Hoseok endişeyle konuşurken Haeun hafif yerinde doğrulmuştu. Görünüşe göre Hoseok da Haeun ile abi kız kardeş gibi yakındı.
"Ben... iyiyim. Biraz başım ağrıyor."
Gözlerini kapatarak derin bir nefes almıştı Hoseok.
"Aferin sana prensesim. Büyük bir sıkıntı olabilirdi, hafıza kaybı veya sakatlık, belki daha kötüsü. Başına bir darbe aldın sadece belki evet ama büyük ve ciddi bir darbeydi. Sen çok güçlü bir kızsın."
Zar zor gülümsemeye çalışarak karşılık vermişti. Evet iyiki önemli bir durum yoktu, ama herkes endişelenmişti. Aslında sadece Hoseok ben ve Jungkook... veliaht prens, kral,... onlar umursamıyormu? Birinin kız kardeşi öbürünün kızı!! Kraliçe bir ara gelmişti ağlayarak, görmüştüm... ama onlar?? Bu hiç normal bir durum değildi, hem de hiç...
"Haeun!!!"
Kapının aniden açılmasıyla içeri bağırarak hızla giren Jungkook korkutmuştu beni. Hemen kardeşine sarılmıştı, onun karşılık verecek gücü olmasa da.
"Ben çıkayım."
Hoseok üçümüzü yalnız bıraktığında Jungkook geri çekilip Haeuna bakmıştı.
"Beni çok korkuttun... Haeun, iyi misin? Kim yaptı bunu???"
Hem hüzünle hem sinirle bakıyordu Jungkook. Evet bu cevabı bende duymak istiyordum çünkü artık dayanamıyacaktım.
"B-Ben... Ben..."
Haeun bir süre yere bakarak kekelemişti.
"B-ben kendim... kendi kendimi yaraladım.."
Gözlerimi sonuna kadar açıp Jungkooka dönmüştüm. O da şaşkınlıkla bana bir bakış atıp tekrar Haeuna dönmüştü.
"Canım, onu korumak için... yalan söylemiyorsun değil mi?"
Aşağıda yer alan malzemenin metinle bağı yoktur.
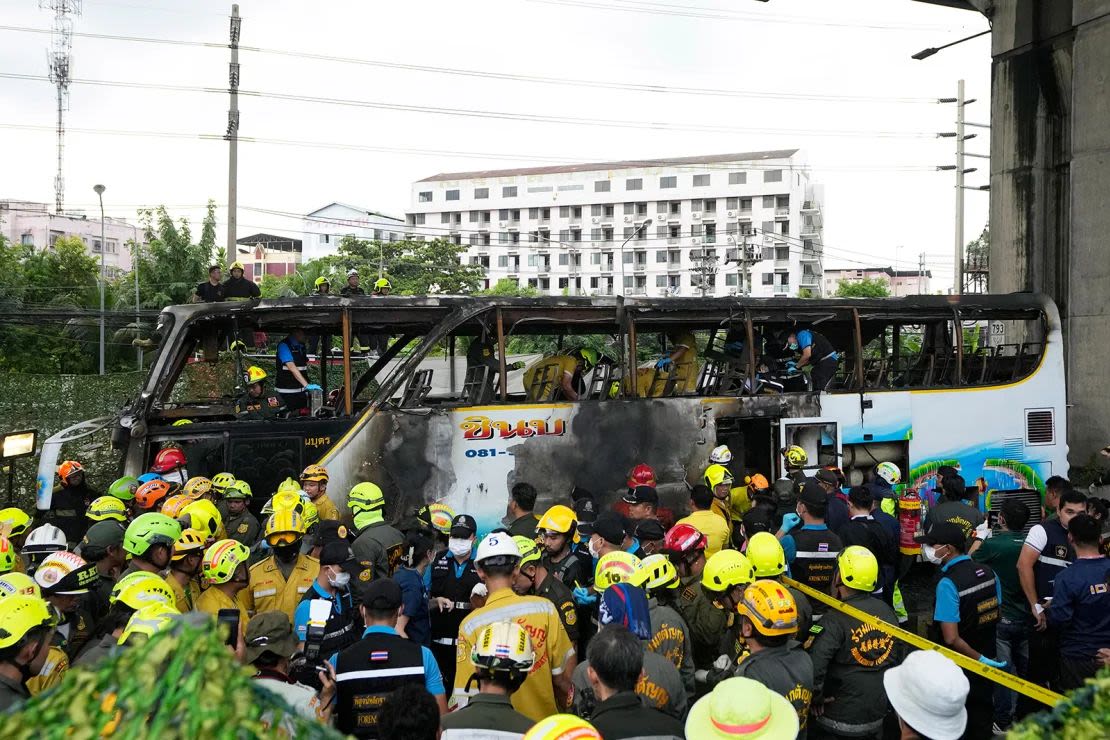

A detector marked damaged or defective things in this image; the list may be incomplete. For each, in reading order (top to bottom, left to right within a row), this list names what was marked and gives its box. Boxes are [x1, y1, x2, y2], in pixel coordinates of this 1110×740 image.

burned bus [39, 292, 1070, 534]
Yok artık! Taehyung'dan yinede şüpheleniyor muydu?? Gerçi, Taehyungun yapmış olması kendisinin yapmış olmasından daha olasıydı onun için muhtemelen.
"Hayır abi, gerçekten ben... taşı temizlemek isterken yere düşürdüm sonra da... yerden almaya çalıştım ama... çok ağırdı o yüzden bende yere düştüm. Sonrasını hatırlamıyorum ama sanırım taş başıma denk geldi ve düştüğüm o hızla muhtemelen çarptığımda büyük bir yara açtım."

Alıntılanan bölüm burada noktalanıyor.